When God revealed that to me, I was shocked. But IT MADE SO MUCH SENSE. Throughout my life, I lived in fear that people only saw me as a textbook definition— they couldn’t see room for growth or change in me, but what is crazy, is that is how I viewed myself, 

How you see yourself is how you will think others see you. 

Literally, my mind was/is blown. 

After having this conversation with God, I decided to talk this over with one of my team mates. She told me that I needed to spend time with God asking him who I think I am and asking him to help me believe and know it. 
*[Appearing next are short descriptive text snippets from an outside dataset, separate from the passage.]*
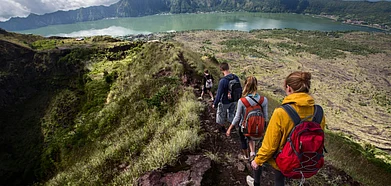 Hikers walking on caldera of Mount Batur volcano in Bali, Photo Credit Shutterstock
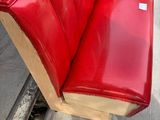 a red bench that is sitting on the side of the road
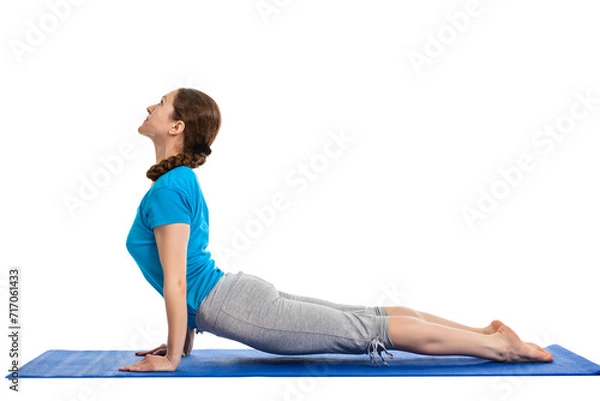 Fototapeta Yoga - young beautiful woman yoga instructor doing Upward Facing Dog Pose (Back Bend) (Urdhva Mukha Svanasana) asana exercise isolated on white background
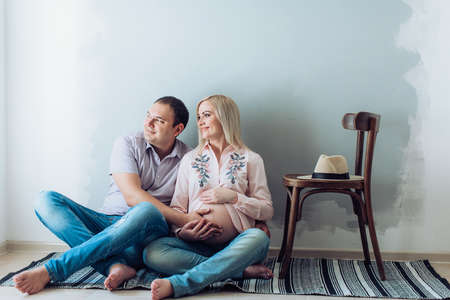 Beautiful pregnant woman with her husband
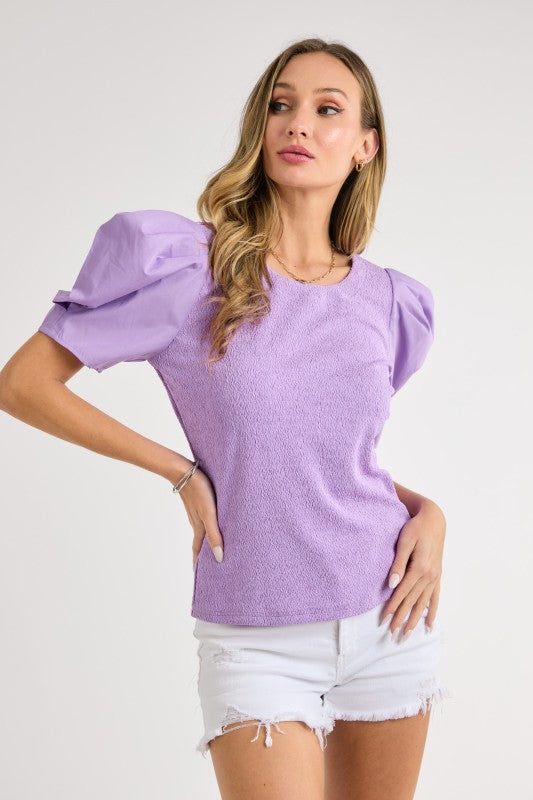 Textured knit and poplin woven sleeve mixed top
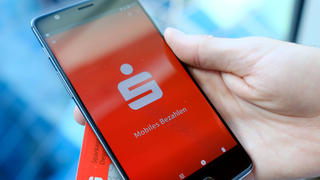 ILLUSTRATION - 30.07.2018, Berlin: Ein Mann hält eine EC-Karte und ein Mobiltelefon, auf dem der Startbildschirm der Mobiles Bezahlen - App der Sparkasse dargestellt wird, in der Hand. Mit dem Smartphone statt Bankkarte an der Ladenkasse zahlen können inzwischen - zumindest technisch gesehen - viele in Deutschland. Foto: Fabian Sommer/dpa +++ dpa-Bildfunk +++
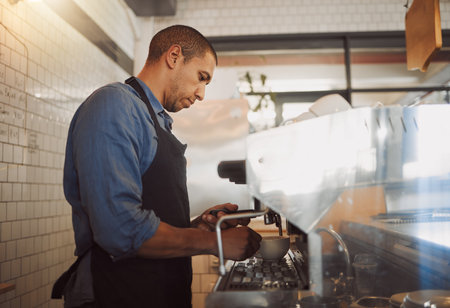 Focused barista making a cup of coffee. Barista making a cup of cappuccino. Coffeeshop assistant preparing a cup of espresso using the coffee machine. Mixed race businessman making a cup of coffeeの写真素材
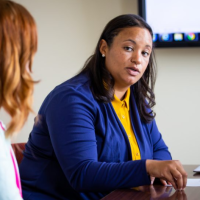 Andrea Gilmore Bykovskyi with members of her research team sit around a table.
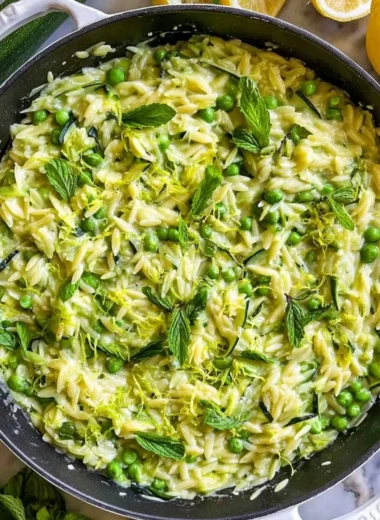 Lemon Orzo with Zucchini served in a bowl, garnished with fresh herbs.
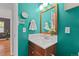 Bright bathroom features a wood vanity, modern mirror, and blue accent wall at 1540 Filbert Ct, Denver, CO 80220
This is what God and I came up with:

Who I am in Christ

  • “You are a child of God (John 1:12)”
  • “You are empathetic and emotional— you relate well to others.”
  •  “You are the color YELLOW: bright, joyous, and a beacon of light to those around you.”
  •  “Encourager!!!”
  •  “You are romantic”
  •  “You are a servant of Christ!”
  •  “You are a beautiful daughter of God!”
  •  “You are a feeler!”
  •  “You are charismatic!”
  •  “A mountain and a gentle breeze”
  •  “A storyteller”
  •  “An artist”

These are who I am, and how God sees me. After writing this down, God gave me a vision— a sunflower! Sunflowers are my favorite flower and representation of myself. He says, “you are like a sunflower to me because you grow in the direction of the light— you don‘t question it, you just grow. They are not always in bloom, but they have their seasons, just like you.” 

WOW. Talk about growth and about how good God is. I am excited for this journey that life is and to continue to grow. I am emotional and I feel things a lot, but that is OK. It is ok because I have this hope that God will help me steward my gifts well and will always see me as enough and change me. That’s why I love his grace because it is unchanging and always sufficient. 

“There is nothing in nature that blooms all year long. So don’t expect yourself to either.”

Love, 

Julia 

P.S. We made it to Haiti, and it is BEAUTIFUL. I really love this country, and will have a blog post about that coming soon. God bless!